LAS VEGAS – Control what is controllable.
It’s a motto Victor Sanders abides by and from which he never wavers.
For instance, when the NBA Summer League opened last Friday on the UNLV campus, he saw zero playing time with the Denver Nuggets, who told him and several others they’d be using a 10-man rotation during the tournament and they weren’t a part of it.
Even a 21-point lead over Minnesota heading into the fourth quarter didn’t get the former Idaho standout out of his warm-ups.
It was out of Sanders’ control, and he’s fine with that.
“I just control what I can do and how I put my effort into whatever I’m doing,” Sanders said. “I can’t control who likes me, I can’t control who thinks I’m good enough or not good enough. But what I can control is how hard I play and how much I work on my game.”
Which is exactly what he’s been doing, during the five-day minicamp before the league started, and during team practices with players who are in the regular rotation.
Rather than mope, Sanders knows he can be seen by any coach, at any time.
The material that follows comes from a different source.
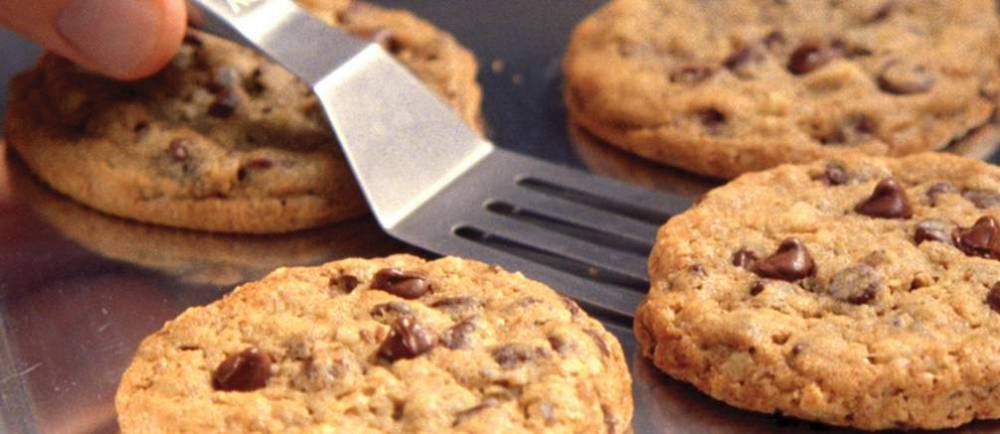 Recipe: Bake DoubleTree chocolate chip cookies at home - clickorlando.com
So, he said, just making a summer roster is a big opportunity and a blessing.
“And a great experience,” the Portland native said. “Having these opportunities is a testament to my hard work and to everything that I’ve put into this game since I was young.”
Such as when he annually visited Las Vegas with AAU teams while his father spent time in prison after being convicted of assault and kidnapping. By the time LaWan Sanders was released, his son was a junior in high school.
Being fatherless for 10 years was simply another uncontrollable circumstance he overcame, and never used as an excuse. Instead, he honed in on his long-range game, as he graduated from Idaho as one of the school’s most prolific shooters. Sanders scored 1,804 points, drained 272 3-pointers and made 440 free throws – the most by a Vandal – during his four-year college career in Moscow, Idaho.
“I’m just really proud of Victor and the way he has came through so much,” LaWan Sanders said. “Throughout that whole situation, my son missing me for all those years, I was able to write letters (and) stay connected to him, keep that relationship tight-knit and that’s how we was able to build.
“It’s a learning process for him, he’s so much of a positive now. I’m totally opposite of him. I just try to show him, stuff that happened to me, it don’t have to happened to you. God has a better plan for you.”
A plan that after years of visiting Las Vegas with club teams or to watch the summer league as a fan, has him in a uniform and on an NBA roster.
“It’s just a great experience and a blessing overall,” Sanders said. “When you’re in an NBA environment for five days, you get a real taste of what the NBA life is like. It’s something that I want more of. It’s something that I’m willing to work very hard for, work on my game and just be the best player that I can be in any system that I go to and just have a great attitude all around.”
Put simply: controlling what is controllable.